Şaka maka 2 hafta kaldı.

Bu haftayı da atlatırım da, öbür hafta epey sıkıntılı olur benim için. İçim daralır, oflarım, kabullenemem bir yılın daha hayatımdan gidiyor olduğunu ama sonra o gün gelir.

Sabah hüzünle kalkarım yataktan. Sürünerek işe giderim. Kimseye selam sabah vermem. Kabullenemem yeni yaşımı. Sabah kahvemi içerim. O sırada günün ilk çiçeği gelir. Yüzüm biraz güler. Sonra facebooktan tebrikleri okurum. “İyi bari, öldüğümüzde cenazemiz kalabalık olacak” diye düşünürüm.

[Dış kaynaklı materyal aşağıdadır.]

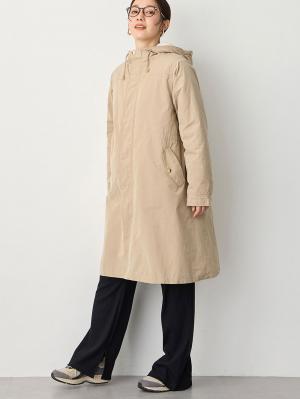 マタニティ アウター（コート）・ママコート|fairy（フェアリー）【あったか】【ダッカー付】フーデットママコート　マタニティ・産後服【出産後も長く使える】|ベージュ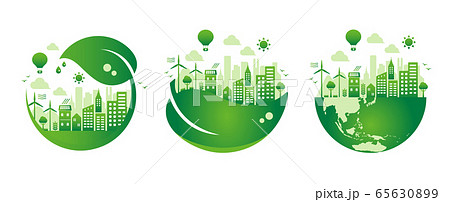 エコ エコロジー 自然 環境保護に配慮した都市生活イメージ イラストセット グラデ 文字なし のイラスト素材
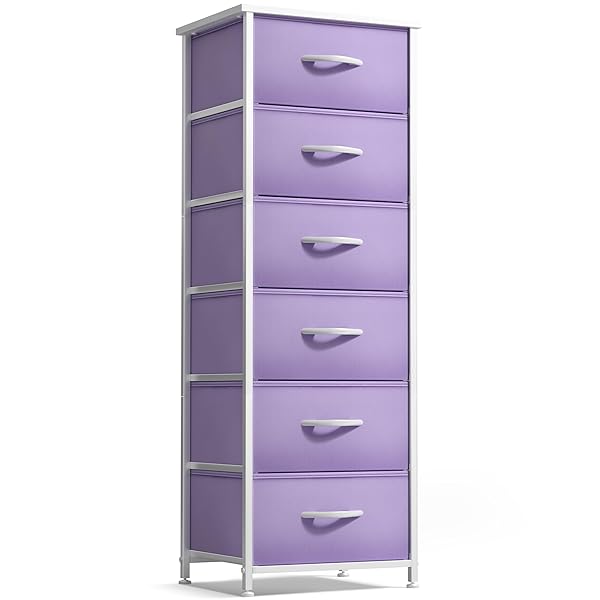 SORBUS FABRIC DRESSER FOR KIDS BEDROOM – CHEST OF 6 DRAWERS, TALL STORAGE TOWER, CLOTHING ORGANIZER, FOR CLOSET, FOR PLAYROOM, FOR NURSERY, STEEL FRAME, FABRIC BINS – WOOD HANDLE (PURPLE)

Sonra ikinci çiçek gelir. Keyfim biraz daha düzelir. Dostlar da aramaya başladığında iyicene keyiflenirim. Ohhh, derim iyi ki doğdum.
Ardından Nil Karaibrahimgil’in “İyi ki doğdum” şarkısını açarım. Bir enerji dolar içime.

İyi ki doğdum
Ne güzel bir kadın oldum
Erkekler hep peşimde
Ama aklım işimde
Sınırı zorluyorum

Artık akşama da nerde nasıl kutlarız bilmem.

Vay be, 14 gün kaldı.

Bilgen,yaşlanıyorum

22 Ocak 2011 Cumartesi

Büyüdüm

Yapmam gerekenler listesi var kafamda. Her sabah yenileniyor, yapılamayanlar duruyor üstüne yenileri ekleniyor. Ama liste hiç bitmiyor. Başını kopardığınız ejderha artık öldü derken birden boynundan iki adet baş çıkması gibi, listedekileri tamamladıkça yerine başkaları geliyor.
Bazı şıkları hiç bitiremiyorum. Uzadıkça uzuyor, sıkıntısı büyüdükçe büyüyor. Daralıyorum. Bazen bu liste hiç bitmeyecekmiş gibi geliyor ya da bittiğinde acaba hayat mı bitecek?
Sanırım zorluklarla savaşabilen bir yapıp yok ki benim, listem uzadığı zaman kaçıp gidesim geliyor. Küçük bir sahil kasabasına yerleşip, bahçeden ektiklerimle geçinmek, akşamları çayım çekirdeğim ile televizyon karşısına geçip asla yaşayamayacağım hayatları anlatan dizileri seyretmek istiyorum.
Sahil kasabası özlemi duymaya başlamışsam eğer büyümüşümdür di mi?